■ ASSIGNMENT: Everything from the line with "济南欠款人失联怎么办？这3招让老赖无所遁形（附实战技巧）" to the final line of the entries, both included, should be restated word for word; please omit the pictures.

■ MATERIAL FOR THIS TASK:
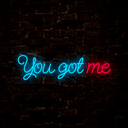 You Got Me Neon Sign - Reels Custom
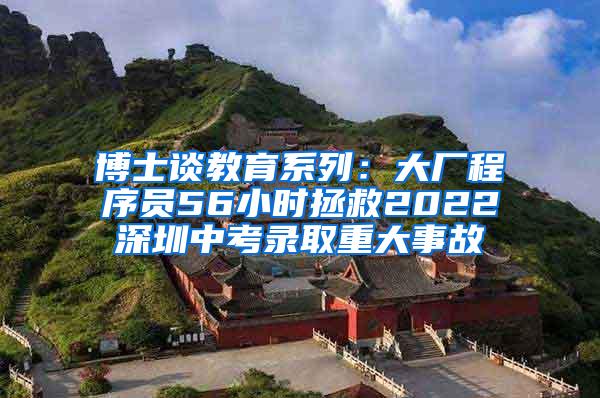 博士谈教育系列：大厂程序员56小时拯救2022深圳中考录取重大事故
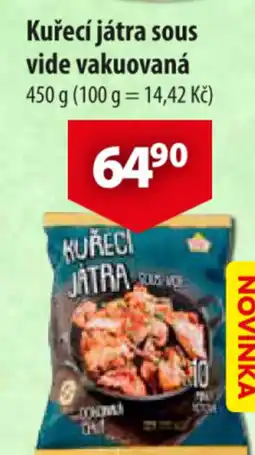 CBA Kuřecí játra sous vide vakuovaná nabídka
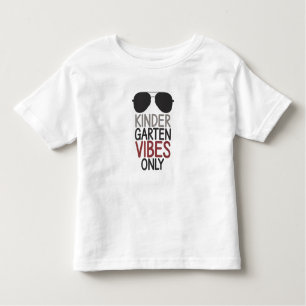 Kindergarten Vibes Only Back to School Toddler T-Shirt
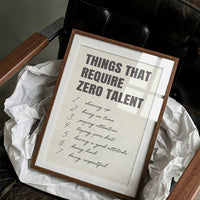 Things That Require Zero Talent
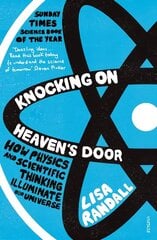 Knocking On Heaven's Door: How Physics and Scientific Thinking Illuminate our Universe cena un informācija | Ekonomikas grāmatas | 220.lv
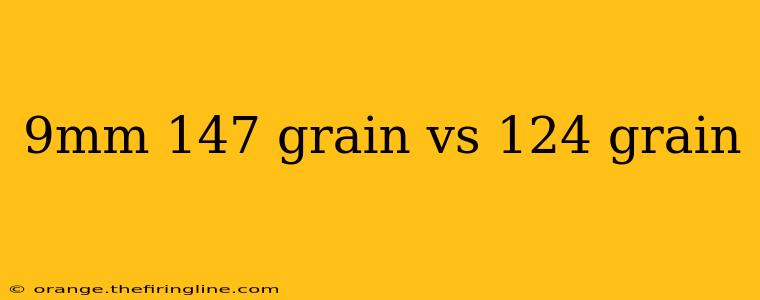 9mm 147 grain vs 124 grain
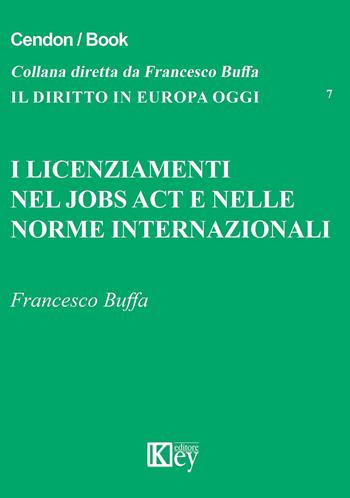 I licenziamenti nel jobs act e nelle norme internazionali - Francesco Buffa - Libro Key Editore 2015, Il diritto in Europa oggi | Libraccio.it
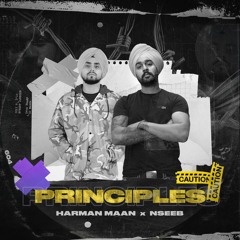 Harman Maan - Principles (feat.Nseeb)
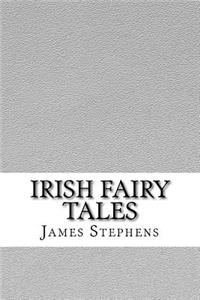 Irish Fairy Tales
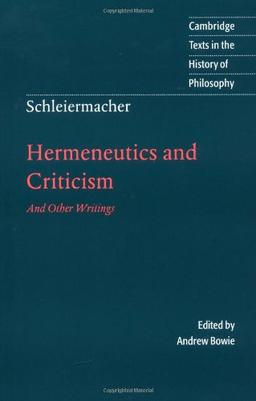 Schleiermacher: Hermeneut Criticism: And Other Writings (Cambridge Texts in the History of Philosophy)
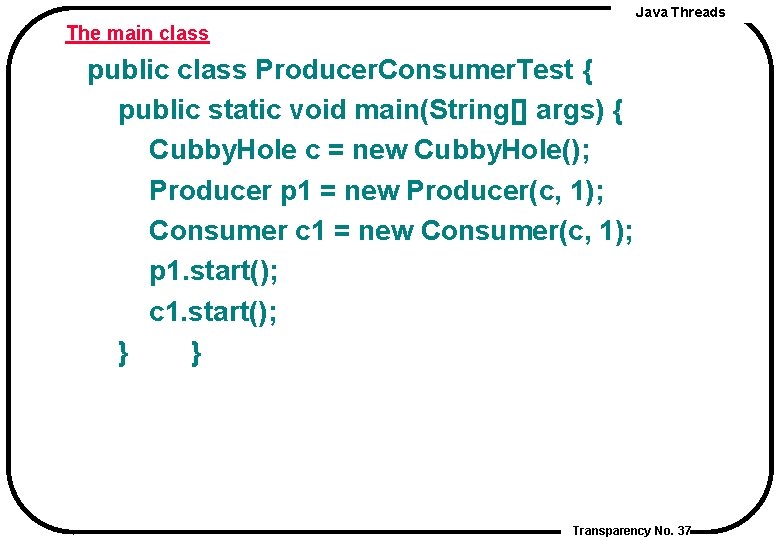 Java Threads The main class public class Producer. Consumer. Test { public static void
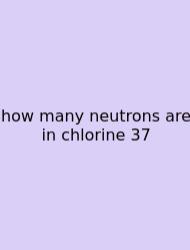 How Many Neutrons Are In Chlorine 37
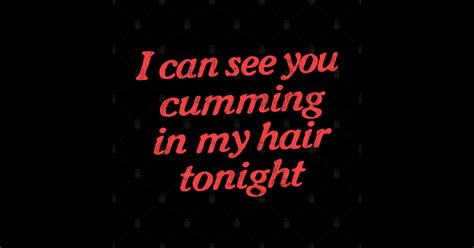 I Can See You Cumming In My Hair Tonight Phil Collins Sticker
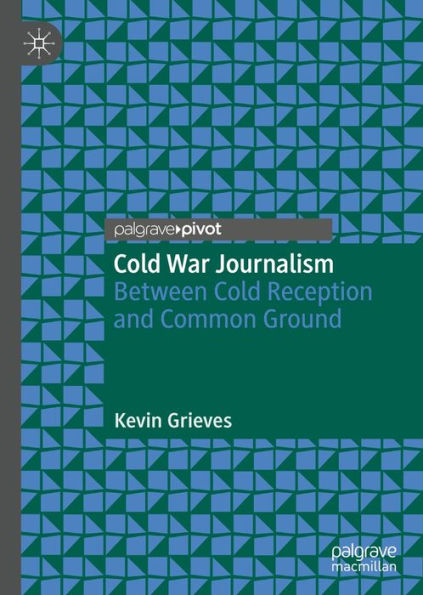 Cold War Journalism: Between Cold Reception and Common Ground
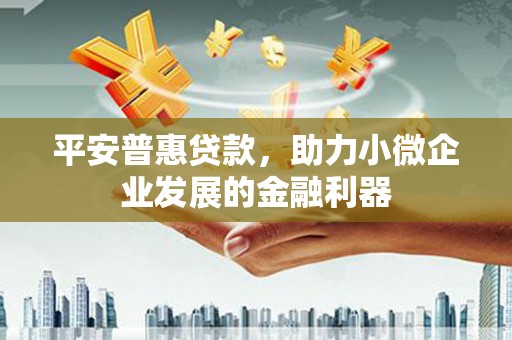 天河平安普惠贷款，助力小微企业发展的金融利器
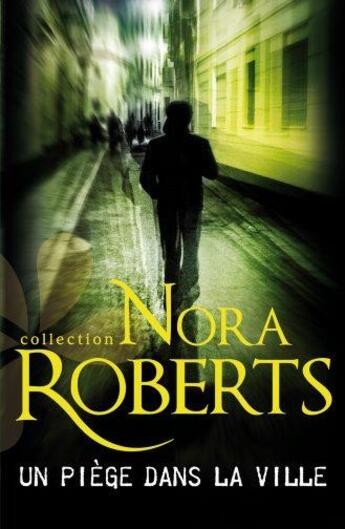 Couverture du livre « Un piège dans la ville » de Nora Roberts aux éditions Harlequin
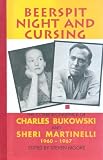 Review Black Sparrow Press,U.S.  / Beerspit Night and Cursing: The Correspondence of Charles Bukowski and Sheri Martin Elli 1960-1967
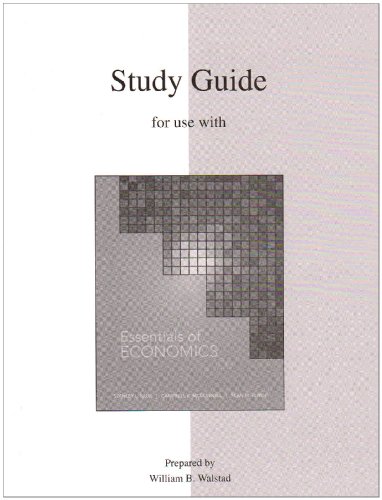 Study Guide to accompany Essentials of Economics (9780077213169) by Brue, Stanley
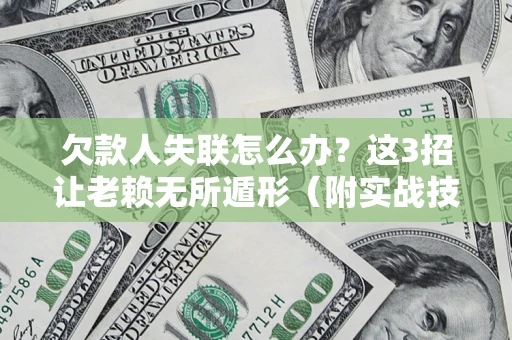 济南欠款人失联怎么办？这3招让老赖无所遁形（附实战技巧）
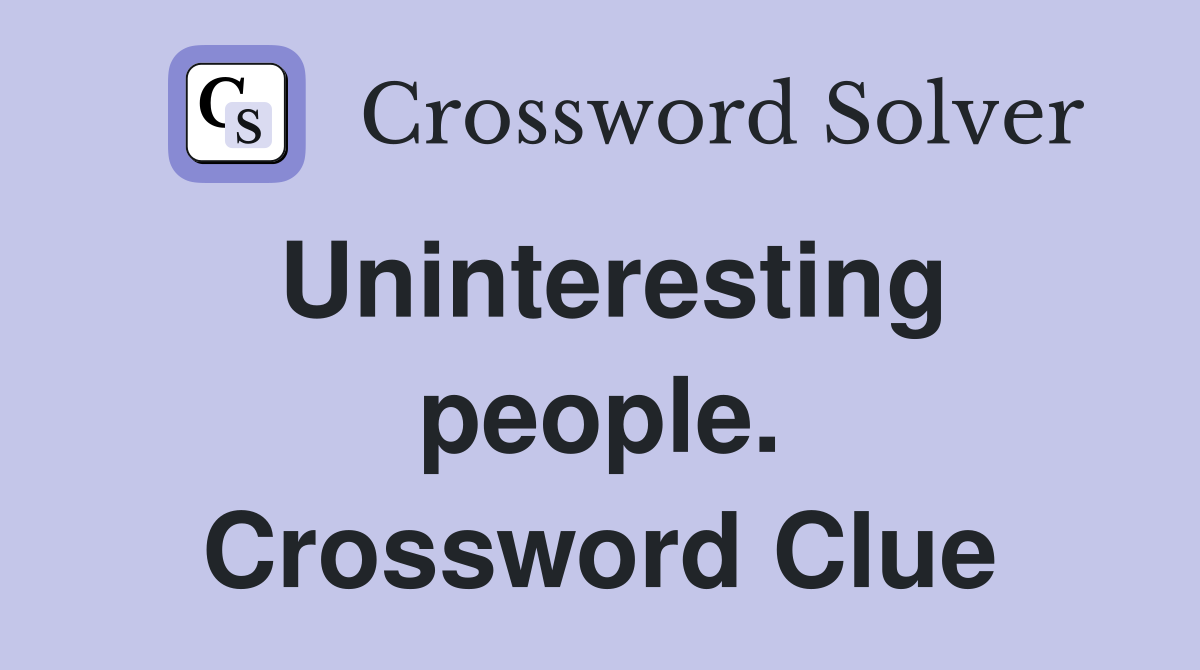 Uninteresting people. Crossword Clue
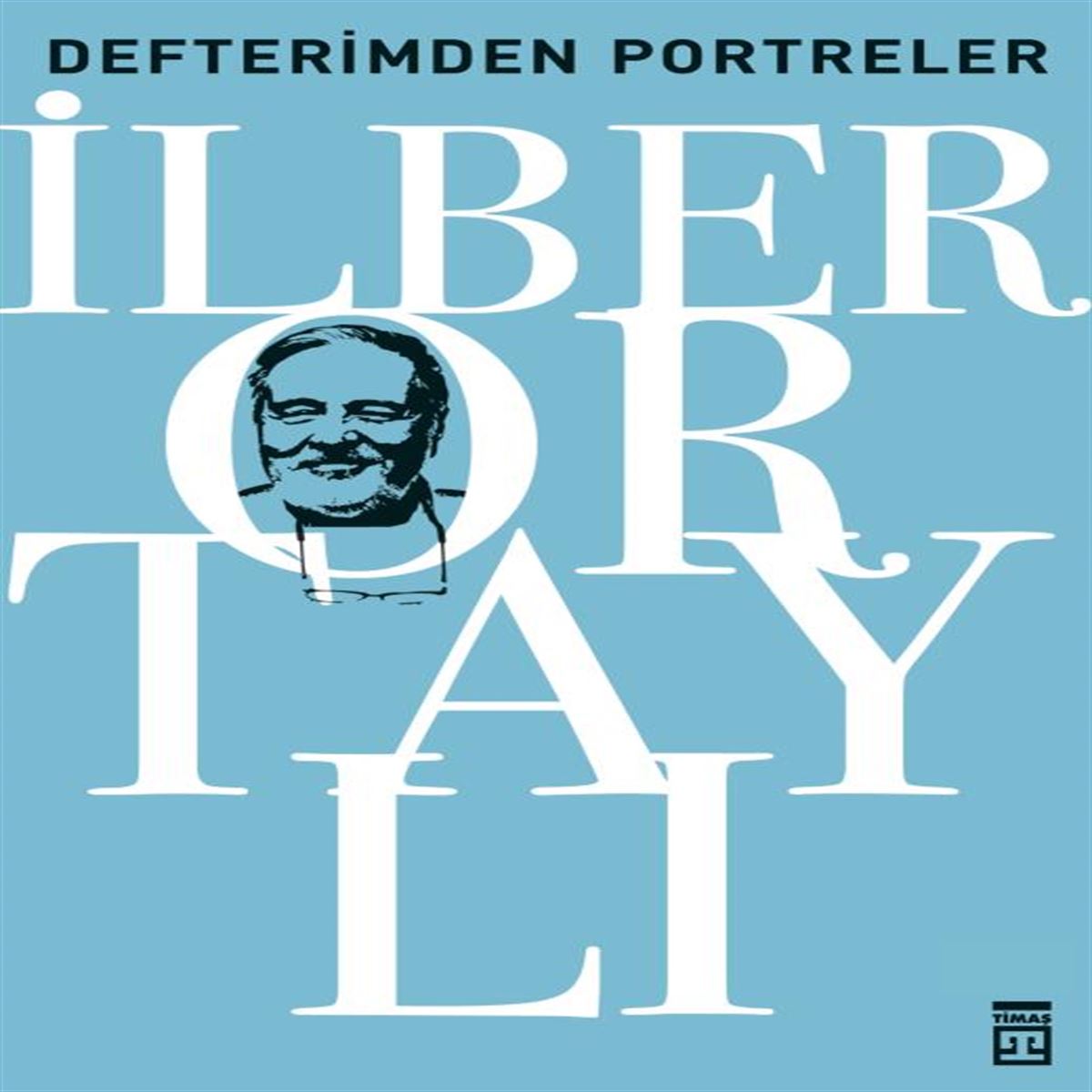 TİMAŞ İNCELEME KİTABI DEFTERİMDEN PORTRELER 1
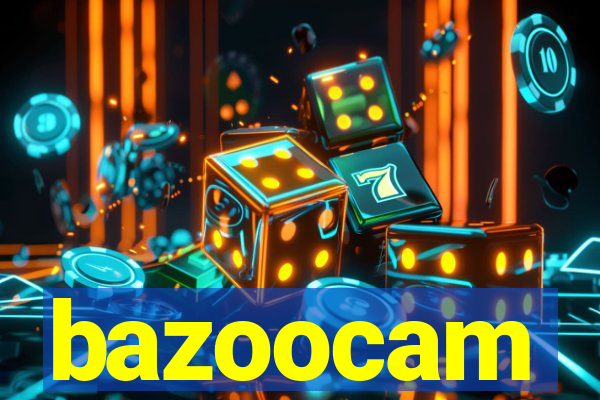 bazoocam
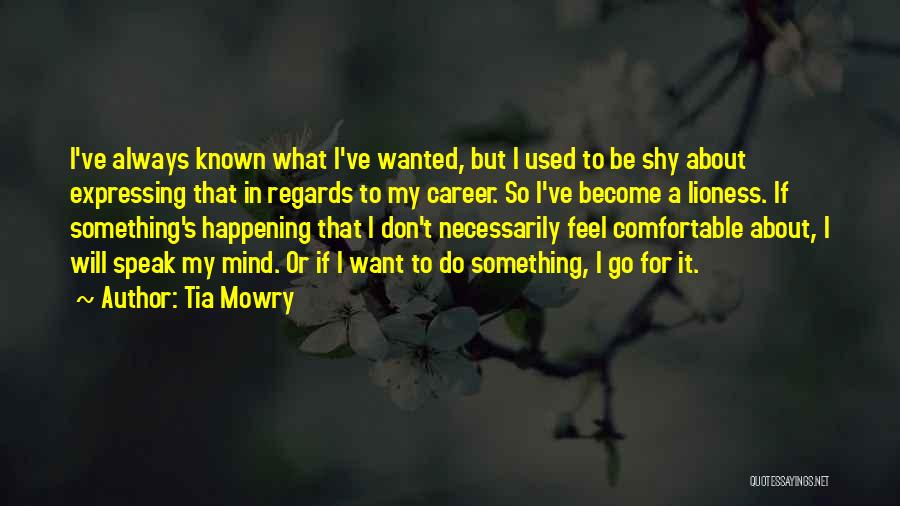 Tia Mowry Quotes: I've Always Known What I've Wanted, But I Used To Be Shy About Expressing That In Regards To My Career.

■ OUTPUT FOR THIS EXERCISE:
 济南欠款人失联怎么办？这3招让老赖无所遁形（附实战技巧）
 Uninteresting people. Crossword Clue
 TİMAŞ İNCELEME KİTABI DEFTERİMDEN PORTRELER 1
 bazoocam
 Tia Mowry Quotes: I've Always Known What I've Wanted, But I Used To Be Shy About Expressing That In Regards To My Career.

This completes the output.